Если напомнить версию Элиаде, то можно дать некоторую формулу мифа. Миф есть повествование об архетипическом (со справедливой оговоркой самого Элиаде об отличии его трактовки архетипа от юнговской) событии (т.е. имеющем статус образца), имеющем символическое значение (когда борьба богов и титанов, например, трактуется как конфликт хаоса и порядка), указывающем на необходимость его копирования в ритуальном акте и убеждающем в реальности этого события путем эмоционального переживания от исполнения ритуала. Естественно, что подобная структура должна быть проста, в том смысле, что доступна каждому. Это легко достигается посредством переописания наличного и подключения воображения как средства проживания в переописанном мире. Когда юноша-почтальон именует себя "партизаном городских окраин", "бойцом городских джунглей", то он уже попадает в иной мир, переописывая профанное в сакральное, испытывая состояние священности при своем поключении к сакральному (поскольку сакральное и есть состояние священности от соприкосновения с архетипом), выстраивая стратегию поведения в сакральном мире путем копирования жестов любого воина, солдата, партизана. В этом смысле важно только, чтобы делались соответствующие слова. Таким образом, миф подвластен любому и благодаря этому властвует над любым. Достаточно посмотреть на объекты другими глазами, ведь переживание и есть то, что доступно всегда, везде и каждому. Что явится сакральным, в данном случае несущественно. Обычно источником выступает сфера традиции, которая приобрела статус расхожести. Миф перерабатывает любое содержание правда весьма неожиданным способом. В данном контексте является иллюзией практика тотального манипулирования сознанием и представление о господстве такой практики. Мифология с радостью поглощает предлагаемое ей содержание. Этот момент важен, потому что сам принцип мифологии основан на творческом бессилии. Копирование архетипического жеста есть существование от другого. Однако на выходе возникает совершенно иная продукция. Интерпретация ее с позиций предложенной структуры мифологического сознания позволит, как нам представляется, преодолеть множество стереотипов, которые до сих пор бытуют в истолкованиях массового сознания.

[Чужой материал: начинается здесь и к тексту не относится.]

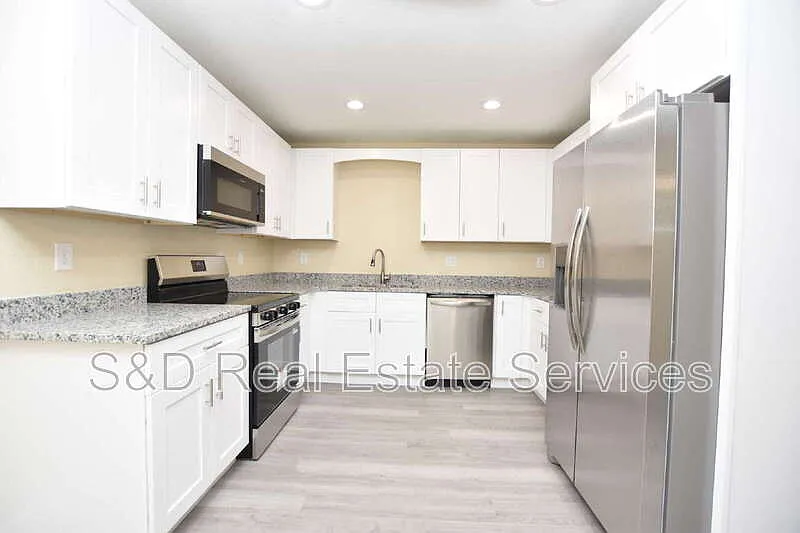 3 bed, 2.0 bath, 1108 sqft, $1,660 — Photo 2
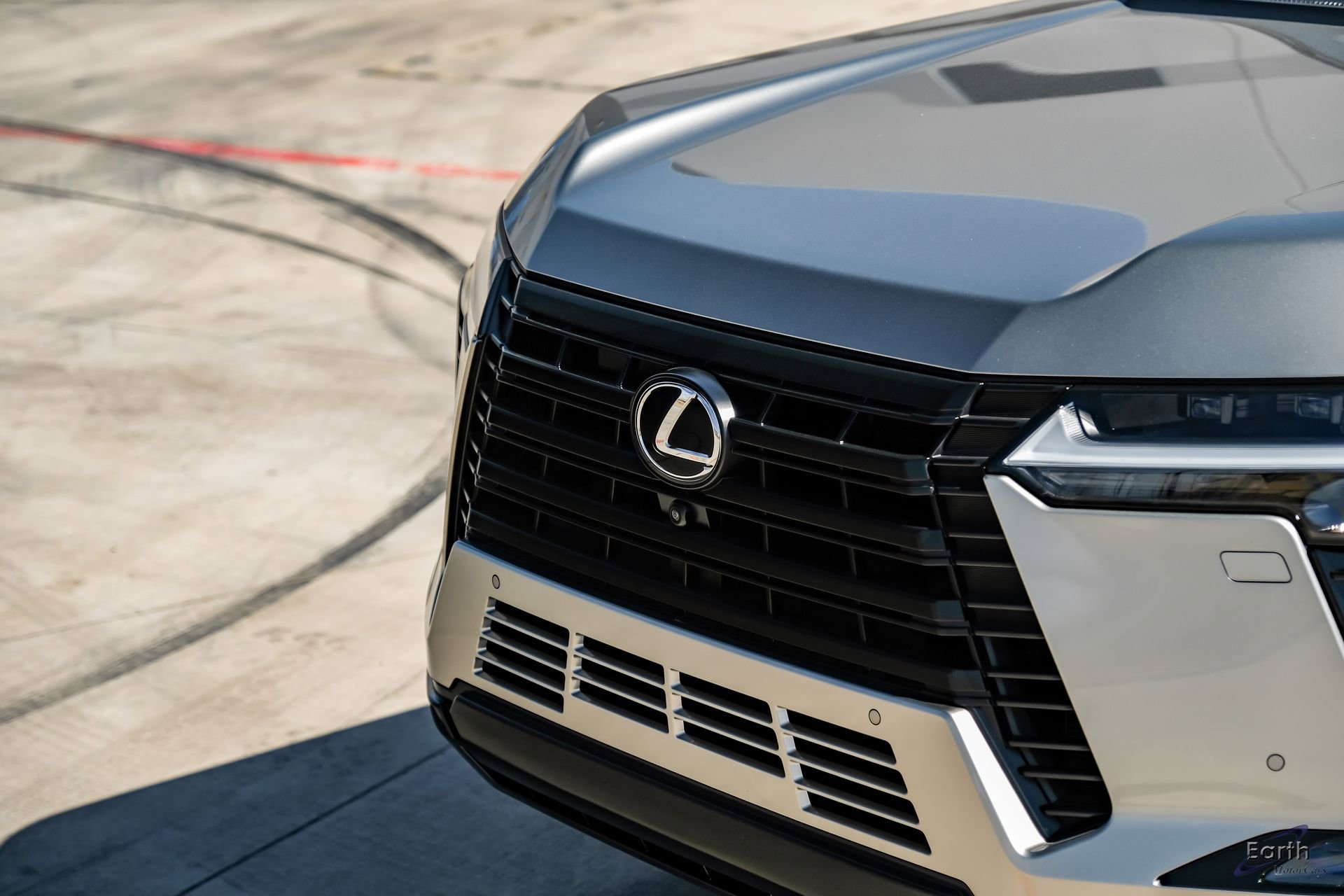 Used 2025 Lexus GX 550 550 Luxury+ HUD Traffic LIFTED w/ Accessory Package (2T) image 27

Если говорить о методологической стратегии, то она приципиально должна избегать описания в терминах "высшее", "низшее", поскольку такое описание предполагает моральное измерение и возвращение к классической метафизике. Мы можем говорить лишь о принципиально разных способах освоения мира, которые пересекаются и конфликтуют в связи с господством индустриальной цивилизации и тоталитаристскими претензиями интеллектуалов. Поэтому нет единого мира. Отсюда вытекает ориентация на предпочтительные объекты освоения и фактическая переинтерпретация знаковых систем, когда навязывается концепция единого мира. Если говорить о предпочтительных объектах, то для их обозначения нет иного слова, как "повседневность". Повседневность не тождественна сфере профанного, а скорее выступает гарантией наглядного, зримого, яркого, доступного переживанию.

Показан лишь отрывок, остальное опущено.